Personal information
- Full name: Daryl Vernon
- Born: 9 June 1960 (age 66)
- Original team: Essex Heights
- Height: 175 cm (5 ft 9 in)
- Weight: 76 kg (168 lb)

Playing career^{1}
- Years: Club / Games (Goals)
- 1981, 1985: Richmond / 09 (3)
- 1983–1984: Sydney Swans / 08 (2)
- Total:  / 17 (5)
- ^{1} Playing statistics correct to the end of 1985.

= Daryl Vernon =

Australian rules footballer (born 1960)

Daryl Vernon (born 9 June 1960) is a former Australian rules footballer who played with Richmond and the Sydney Swans in the Victorian Football League (VFL) during the 1980s.

A rover from Essex Heights, Vernon made four senior appearances for Richmond in the 1981 VFL season. He performed well in the reserves that year and shared the Gardiner Medal with Geelong's Malcolm Reed.

He spent 1982 in Western Australia, where he played for Western Australian Football League (WAFL) club South Fremantle.

Vernon returned to the VFL in 1983 and signed with the Sydney Swans, who had relocated from South Melbourne the previous year. He played in the opening four rounds of the season and averaged 18 disposals, but didn't feature again until he played another four games early in the 1984 VFL season.

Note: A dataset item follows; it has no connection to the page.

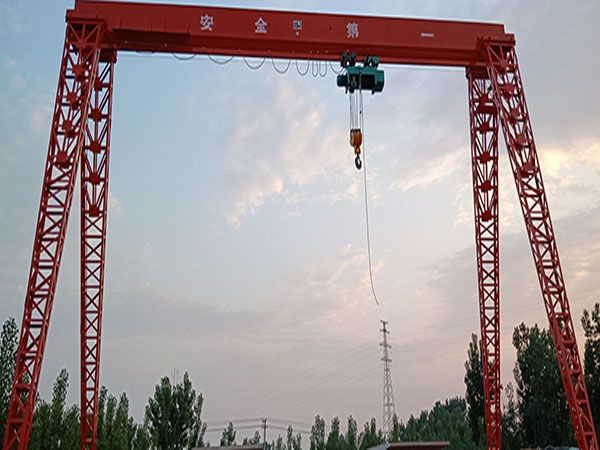龍門(mén)吊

He was back at Richmond in 1985 and in his third game of the season, against Melbourne at the MCG, Vernon starred with 30 disposals, an effort which earned him three Brownlow Medal votes. Picked just twice more that year, Vernon left Richmond and captained Springvale in the 1986 Victorian Football Association season. He was a member of their premiership winning team in 1987 and won the Norm Goss Memorial Medal for his grand final performance against Port Melbourne, before retiring at the end of 1988.